- ABOUT THIS TASK -
Copy out each line of the material exactly. Pictures do not belong in the copy.

- RAW DATA -
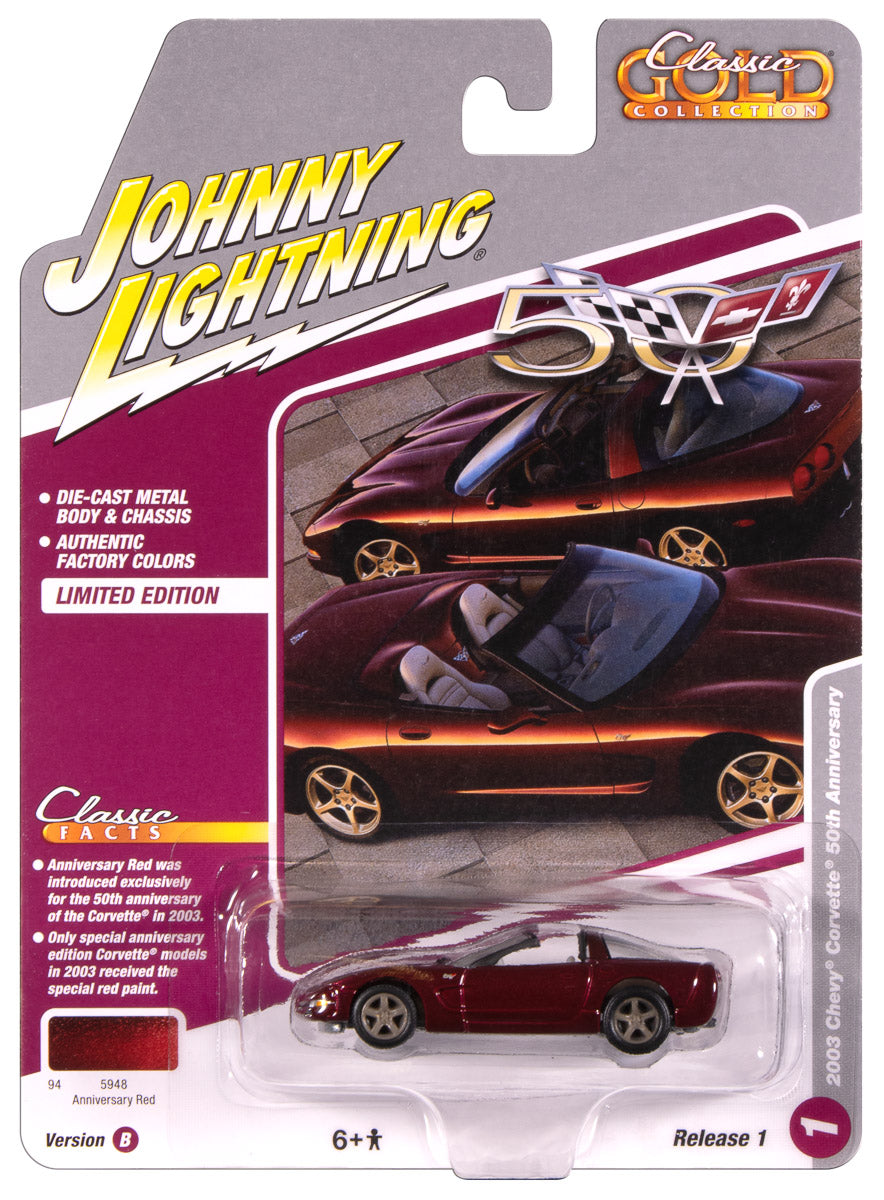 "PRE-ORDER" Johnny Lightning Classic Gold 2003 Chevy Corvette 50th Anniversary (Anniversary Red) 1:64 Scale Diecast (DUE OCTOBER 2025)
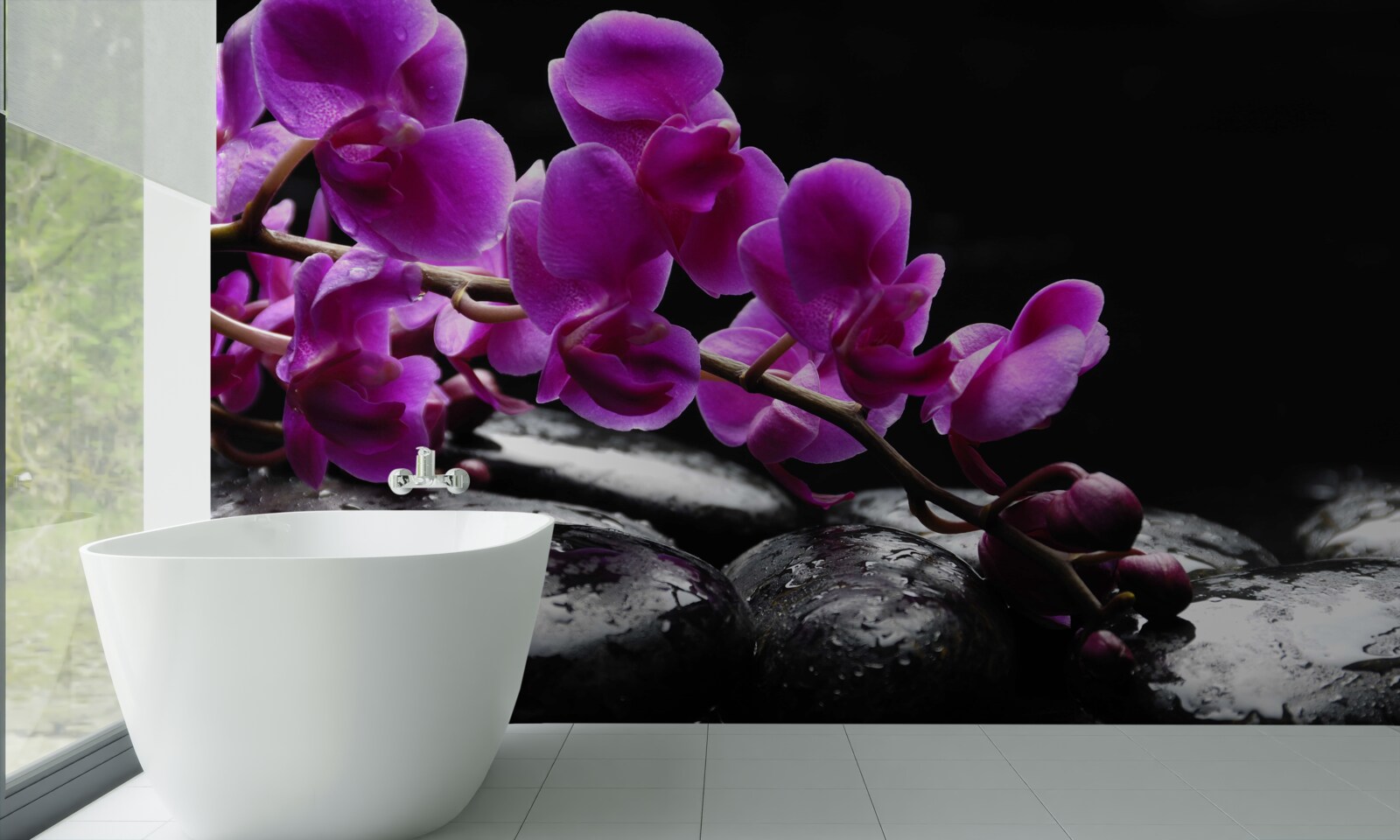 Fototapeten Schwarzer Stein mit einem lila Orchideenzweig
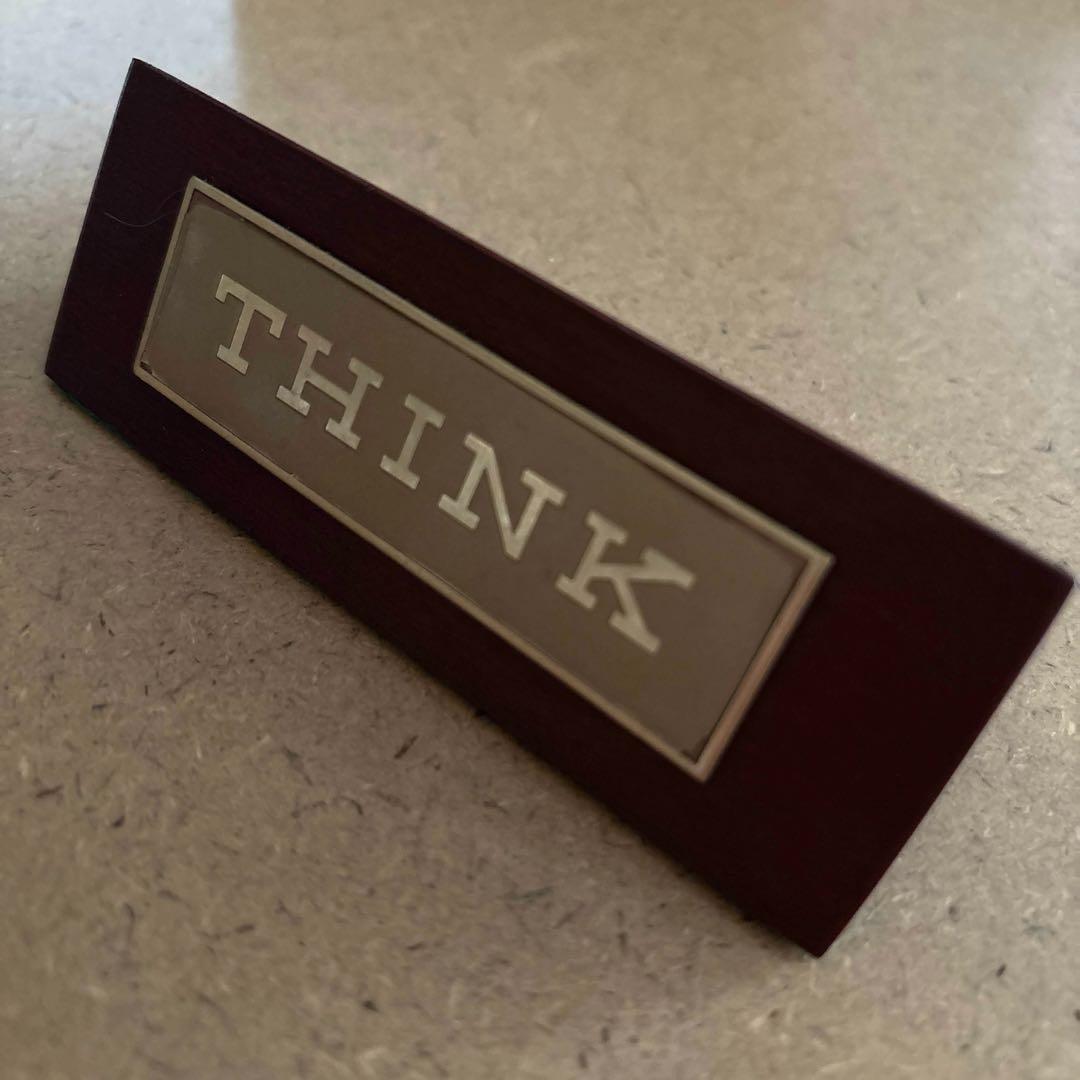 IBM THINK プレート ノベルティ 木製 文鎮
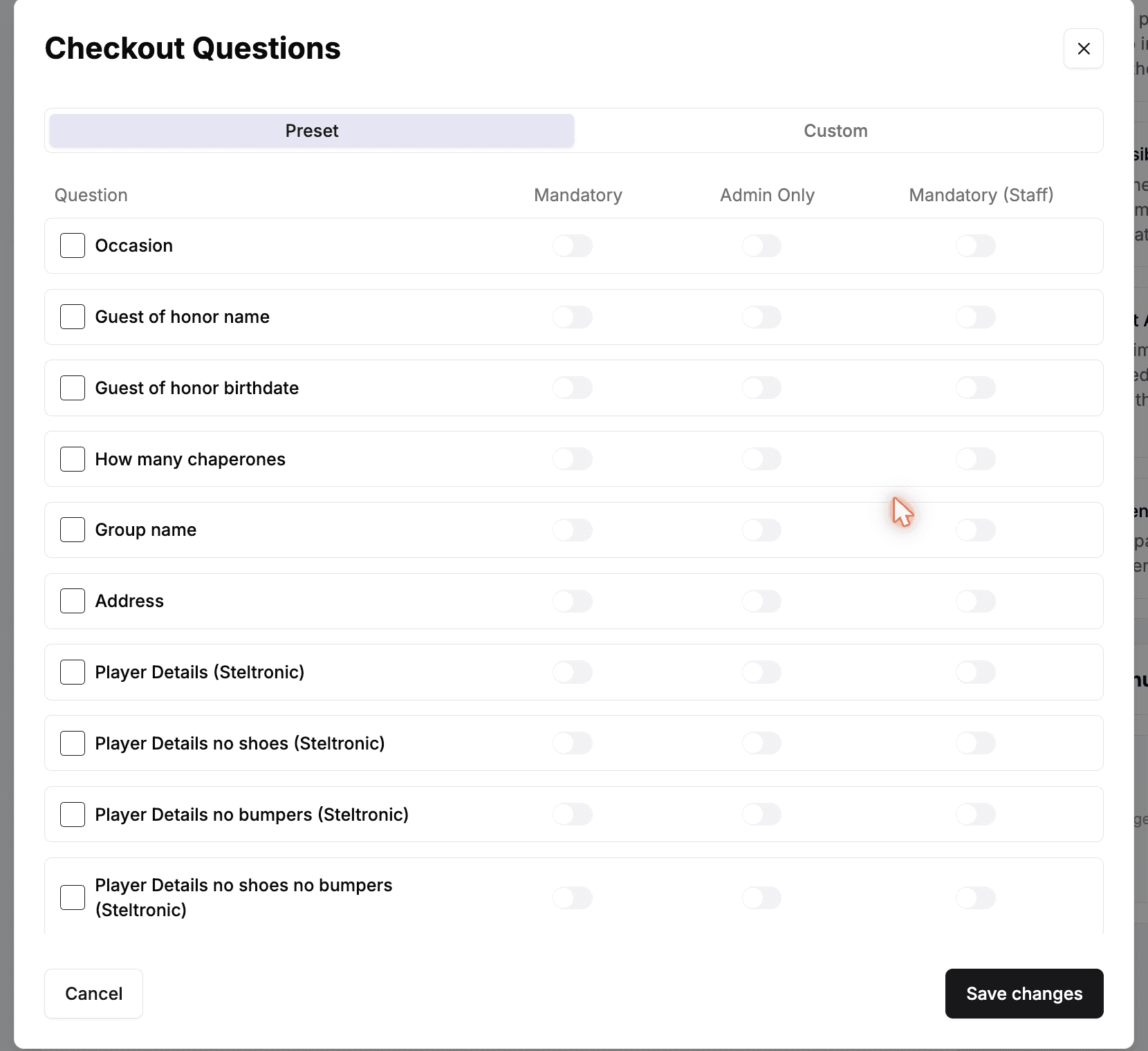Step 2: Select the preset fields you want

- SOLUTION TO THIS PROBLEM -
 "PRE-ORDER" Johnny Lightning Classic Gold 2003 Chevy Corvette 50th Anniversary (Anniversary Red) 1:64 Scale Diecast (DUE OCTOBER 2025)
 Fototapeten Schwarzer Stein mit einem lila Orchideenzweig
 IBM THINK プレート ノベルティ 木製 文鎮
Step 2: Select the preset fields you want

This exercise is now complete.